The following example shows the UDF POJO for the StringConcatonator custom UDF class. The name of the Spark UDF should be the name of the method defined (concat in this example). This will be used when calling the UDF with Spark. e.g., concat(“cusom”,”UDF”) returns the String “Custom UDF”.

/**
* This is an UDF class supporting string concatenation for spark SQL
*/
public class StringConcatonator {

   /**
    This UDF returns the concatenation of two strings
    */
   public String concat(String firstString, String secondString) {
       return firstString + secondString;
   }
}

Method overloading for UDFs is not supported. Different UDFs should have different method names for the expected behaviour.
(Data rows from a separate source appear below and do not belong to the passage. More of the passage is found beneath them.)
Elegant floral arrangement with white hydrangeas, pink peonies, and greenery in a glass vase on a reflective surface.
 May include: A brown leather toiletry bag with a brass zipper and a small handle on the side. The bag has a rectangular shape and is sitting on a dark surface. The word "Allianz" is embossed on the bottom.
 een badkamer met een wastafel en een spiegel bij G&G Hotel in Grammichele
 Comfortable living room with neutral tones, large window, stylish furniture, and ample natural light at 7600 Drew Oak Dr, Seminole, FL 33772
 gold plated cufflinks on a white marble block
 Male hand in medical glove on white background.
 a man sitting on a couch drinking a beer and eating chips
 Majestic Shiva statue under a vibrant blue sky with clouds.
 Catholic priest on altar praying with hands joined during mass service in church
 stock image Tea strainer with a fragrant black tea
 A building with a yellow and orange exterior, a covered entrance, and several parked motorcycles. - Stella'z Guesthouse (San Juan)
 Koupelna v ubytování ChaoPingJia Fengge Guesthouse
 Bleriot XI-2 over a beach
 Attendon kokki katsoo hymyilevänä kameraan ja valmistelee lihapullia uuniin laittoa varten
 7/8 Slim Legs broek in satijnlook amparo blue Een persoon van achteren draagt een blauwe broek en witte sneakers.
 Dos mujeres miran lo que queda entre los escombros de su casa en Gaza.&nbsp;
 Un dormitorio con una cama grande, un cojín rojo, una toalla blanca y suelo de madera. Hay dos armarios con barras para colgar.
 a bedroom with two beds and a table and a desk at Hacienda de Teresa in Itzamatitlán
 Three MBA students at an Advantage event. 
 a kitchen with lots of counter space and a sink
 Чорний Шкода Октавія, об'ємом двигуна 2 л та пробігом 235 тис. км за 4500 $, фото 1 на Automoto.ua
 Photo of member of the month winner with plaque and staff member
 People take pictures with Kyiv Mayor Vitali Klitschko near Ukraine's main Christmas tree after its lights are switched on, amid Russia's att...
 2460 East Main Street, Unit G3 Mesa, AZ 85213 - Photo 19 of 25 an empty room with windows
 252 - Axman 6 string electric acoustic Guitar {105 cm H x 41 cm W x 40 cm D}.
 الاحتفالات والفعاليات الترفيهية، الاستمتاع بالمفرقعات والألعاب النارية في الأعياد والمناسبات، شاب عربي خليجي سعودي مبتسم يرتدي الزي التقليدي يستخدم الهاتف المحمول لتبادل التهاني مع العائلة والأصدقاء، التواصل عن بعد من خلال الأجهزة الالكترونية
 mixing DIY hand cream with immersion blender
Step 2: Package the class in a jar

The custom UDF class you created should be bundled as a jar and added to <DAS_HOME/repository/components/lib directory.

Step 3: Update Spark UDF configuration file

Add the newly created custom UDF to the <DAS_HOME>/repository/conf/analytics/spark/spark-udf-config.xml file as shown in the example below.

<udf-configuration>
	<custom-udf-classes>
    	<class-name>org.james.customUDFs.StringConcatonator</class-name>
    	<class-name>org.wso2.carbon.analytics.spark.core.udf.defaults.TimestampUDF</class-name>
    	</custom-udf-classes>
</udf-configuration>

This configuration is required for Spark to identify and use the newly defined custom UDF.

Spark adds all the methods in the specified UDF class as custom UDFs.